Según explicó la vocera, el Ministerio de Salud realiza compras mensuales de medicamentos por alrededor de USD 50 millones, pero los pagos efectivos oscilan entre USD 20 y 25 millones, lo que genera un remanente que se arrastra al mes siguiente y provoca un crecimiento acumulativo de la deuda. “Se están haciendo pagos, pero no se compadecen con el nivel de compra ni con el volumen de la deuda”, sostuvo.
Figueroa detalló que el pasivo incluye tanto a empresas importadoras como a laboratorios nacionales, y corresponde a contratos ya cumplidos en su totalidad, con medicamentos entregados al 100%, tal como exigen los procesos administrativos del propio Ministerio.
SIN PLAN DE PAGOS Y CON 47 EMPRESAS EN ESPERA
Actualmente, 47 empresas proveedoras, agrupadas en CRIPFA, figuran en la lista de pagos pendientes, a las que se suman farmacéuticas locales. Todas ellas proveen exclusivamente medicamentos, desde analgésicos básicos hasta fármacos oncológicos y tratamientos para enfermedades catastróficas.
Pese a las reuniones mantenidas con autoridades desde septiembre del año pasado, el sector asegura que no existe un calendario ni un plan de pagos formal, lo que incrementa la incertidumbre. “No tenemos una propuesta concreta de cuándo ni cómo se va a pagar. Esa falta de previsibilidad genera una gran desesperación en el sector”, advirtió.

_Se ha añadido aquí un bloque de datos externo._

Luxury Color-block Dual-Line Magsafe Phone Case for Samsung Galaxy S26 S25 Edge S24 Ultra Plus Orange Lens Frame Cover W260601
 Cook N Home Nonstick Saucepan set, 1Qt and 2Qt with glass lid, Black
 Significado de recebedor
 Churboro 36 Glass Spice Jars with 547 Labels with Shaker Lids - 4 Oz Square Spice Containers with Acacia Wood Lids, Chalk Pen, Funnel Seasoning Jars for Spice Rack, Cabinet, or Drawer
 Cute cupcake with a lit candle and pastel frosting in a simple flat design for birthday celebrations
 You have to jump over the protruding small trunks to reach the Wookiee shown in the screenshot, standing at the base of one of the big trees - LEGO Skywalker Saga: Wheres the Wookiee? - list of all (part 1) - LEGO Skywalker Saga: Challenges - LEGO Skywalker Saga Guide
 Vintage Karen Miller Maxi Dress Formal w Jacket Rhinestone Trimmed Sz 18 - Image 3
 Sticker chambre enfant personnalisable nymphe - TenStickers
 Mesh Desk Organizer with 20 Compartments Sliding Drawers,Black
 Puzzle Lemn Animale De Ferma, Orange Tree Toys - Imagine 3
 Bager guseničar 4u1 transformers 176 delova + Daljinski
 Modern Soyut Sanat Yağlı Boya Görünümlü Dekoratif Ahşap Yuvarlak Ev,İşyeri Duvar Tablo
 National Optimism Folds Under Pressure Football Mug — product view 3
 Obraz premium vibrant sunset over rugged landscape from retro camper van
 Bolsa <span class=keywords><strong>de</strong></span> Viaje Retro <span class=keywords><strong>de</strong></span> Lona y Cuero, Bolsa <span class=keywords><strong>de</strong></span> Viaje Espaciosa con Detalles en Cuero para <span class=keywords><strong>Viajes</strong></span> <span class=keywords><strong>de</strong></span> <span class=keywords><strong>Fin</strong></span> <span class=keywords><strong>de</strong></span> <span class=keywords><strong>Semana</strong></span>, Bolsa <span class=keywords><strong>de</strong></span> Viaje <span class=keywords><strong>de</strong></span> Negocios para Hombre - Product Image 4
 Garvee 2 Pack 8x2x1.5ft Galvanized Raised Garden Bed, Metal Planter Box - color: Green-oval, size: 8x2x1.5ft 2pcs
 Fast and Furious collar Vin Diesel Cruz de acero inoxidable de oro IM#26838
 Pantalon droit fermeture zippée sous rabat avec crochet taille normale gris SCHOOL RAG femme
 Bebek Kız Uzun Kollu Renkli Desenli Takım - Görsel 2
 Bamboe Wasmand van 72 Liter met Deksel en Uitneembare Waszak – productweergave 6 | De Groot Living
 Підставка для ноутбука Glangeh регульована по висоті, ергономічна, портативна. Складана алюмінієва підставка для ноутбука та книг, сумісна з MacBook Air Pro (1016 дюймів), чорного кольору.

RIESGO DE DESABASTECIMIENTO Y PRESIÓN SOBRE LOS HOSPITALES
Figueroa fue enfática al señalar que la falta de pago podría derivar en problemas de logística, menor oferta de medicamentos y desabastecimiento progresivo, afectando directamente a pacientes que dependen de tratamientos continuos, muchos de ellos de alto costo y larga duración. “El problema principal no es la deuda en sí, sino que el paciente deje de percibir su medicamento o su tratamiento. De eso dependen vidas”, subrayó.
Explicó además que las empresas importadoras deben pagar de contado a sus proveedores internacionales, lo que limita su capacidad de seguir sosteniendo el abastecimiento sin recibir pagos del Estado.
PRESUPUESTO INSUFICIENTE Y DEMANDA EN AUMENTO
Desde CRIPFA consideran que el origen del problema está ligado al aumento de la inversión en infraestructura sanitaria, la inauguración de nuevos hospitales y el consecuente crecimiento de la demanda de medicamentos, tratamientos y terapias prolongadas.
Sin embargo, la vocera advirtió que el presupuesto anual aprobado para Salud, de unos USD 450 millones, resulta insuficiente frente a la demanda real. “El presupuesto tiene que ampliarse y adecuarse a la realidad del sistema de salud. Si no, esta deuda va a seguir repitiéndose como una enfermedad crónica del Estado”, concluyó Figueroa.